Ones I have done were Genies with most current software. They act just like a legacy LNB or SWM switch is connected and you have to go in and pick the proper LNB from the drop down menu. SWM was set just the LNB wasn't.


----------



## peds48 (Jan 11, 2008)

Must have been outdated software. 


Sent from my iPhone 6s using Tapatalk


----------



## P Smith (Jul 25, 2002)

west99999 said:


> Ones I have done were Genies with *most current software*. They act just like a legacy LNB or SWM switch is connected and you have to go in and pick the proper LNB from the drop down menu. SWM was set just the LNB wasn't.





peds48 said:


> Must have been *outdated software*.


someone posting, some reading, someone doesn't !


----------



## studechip (Apr 16, 2012)

P Smith said:


> slice, open a thread based on sg's FUD ? tsk,tsk,tsk
> 
> not before get info from SECOND other knowledgeable source, perhaps here


FUD?, sure.


----------



## lwilli201 (Dec 22, 2006)

Here is my setup. I have an HR54, and 1 HR21 and 2 HR24 which equals 13 tuners and a 3D2RBLNBR0-01 LNB. I hooked up an old HR34 in my shop to see if I could use channel 100 to test TV's. So that is 14 tuners running. I fix LCD TV's as a hobby. It works and nothing has blown up. I also ran a signal test on all 5 tuners on the HR34 with no problem. The HR34 is not activated but it seems to be actively using all 5 tuners. 

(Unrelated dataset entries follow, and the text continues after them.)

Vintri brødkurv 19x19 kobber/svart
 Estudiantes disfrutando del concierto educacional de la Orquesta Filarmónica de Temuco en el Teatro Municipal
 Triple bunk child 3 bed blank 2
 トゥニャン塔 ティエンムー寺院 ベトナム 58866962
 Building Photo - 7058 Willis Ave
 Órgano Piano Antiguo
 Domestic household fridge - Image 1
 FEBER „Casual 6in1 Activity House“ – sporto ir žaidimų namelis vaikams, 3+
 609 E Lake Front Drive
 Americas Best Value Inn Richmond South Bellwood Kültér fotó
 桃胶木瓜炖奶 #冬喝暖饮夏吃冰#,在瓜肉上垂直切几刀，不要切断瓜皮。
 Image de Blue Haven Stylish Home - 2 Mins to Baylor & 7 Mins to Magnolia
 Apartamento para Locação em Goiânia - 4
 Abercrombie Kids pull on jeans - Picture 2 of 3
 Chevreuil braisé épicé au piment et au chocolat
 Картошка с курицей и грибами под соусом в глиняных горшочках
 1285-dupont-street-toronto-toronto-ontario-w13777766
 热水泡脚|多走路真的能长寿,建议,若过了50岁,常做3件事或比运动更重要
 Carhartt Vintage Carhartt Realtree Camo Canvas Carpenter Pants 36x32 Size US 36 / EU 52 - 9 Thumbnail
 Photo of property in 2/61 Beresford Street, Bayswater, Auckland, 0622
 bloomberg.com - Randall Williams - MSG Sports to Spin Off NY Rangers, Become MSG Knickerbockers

I want to try to activate an H21 for my shop for a total of 14 tuners. Will Directv allow me to do that?


----------



## slice1900 (Feb 14, 2013)

Dunno whether they'll activate or not, but SWM doesn't care if receivers are activated. Channels are allocated either way.


----------



## P Smith (Jul 25, 2002)

slice1900 said:


> Dunno whether they'll activate or not, but SWM doesn't care if receivers are activated. Channels are allocated either way.


exactly !
seen that by myself


----------